U.S. home building jumped in February likely as unseasonably warm weather boosted the construction of single-family houses to near a 9-1/2-year high, suggesting the economy remained on solid ground despite an apparent slowdown in the first quarter.
Other data on Thursday showed a drop in the number of Americans filing new applications for unemployment benefits last week, pointing to a further tightening in the labor market.
The fairly upbeat data came a day after the Federal Reserve raised interest rates for the third time since the 2008 financial crisis. Fed Chair Janet Yellen told reporters that the U.S. central bank was sending a message that "we have confidence in the robustness of the economy and its resilience to shocks."
Housing starts increased 3.0 percent to a seasonally adjusted annual rate of 1.29 million units last month, the Commerce Department said.

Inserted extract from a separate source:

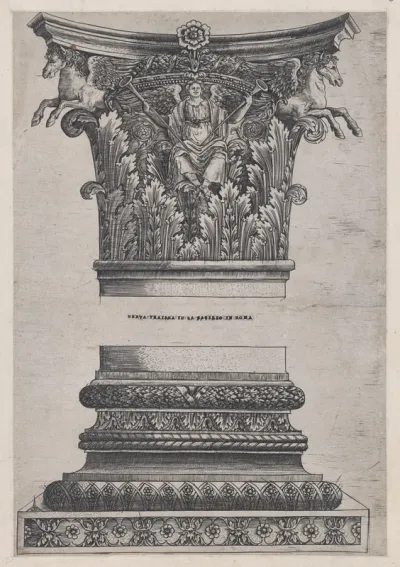 Pegasus capital from the Temple of Mars Ultor and decorated base, from "Speculum Romanae Magnificentiae"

Economists had forecast groundbreaking activity rising to a rate of 1.26 million units.
Home building was up 6.2 percent compared to February 2016.
Single-family home building, which accounts for the largest share of the residential housing market, surged 6.5 percent to a pace of 872,000 units last month, the highest level since October 2007. Single-family starts rose in the West, Northeast and Midwest, but fell in the South.
Starts for the volatile multi-family housing segment fell 3.7 percent to a pace of 416,000 units.
A robust labor market is supporting the housing market, helping it to buck weakness in other parts of the economy.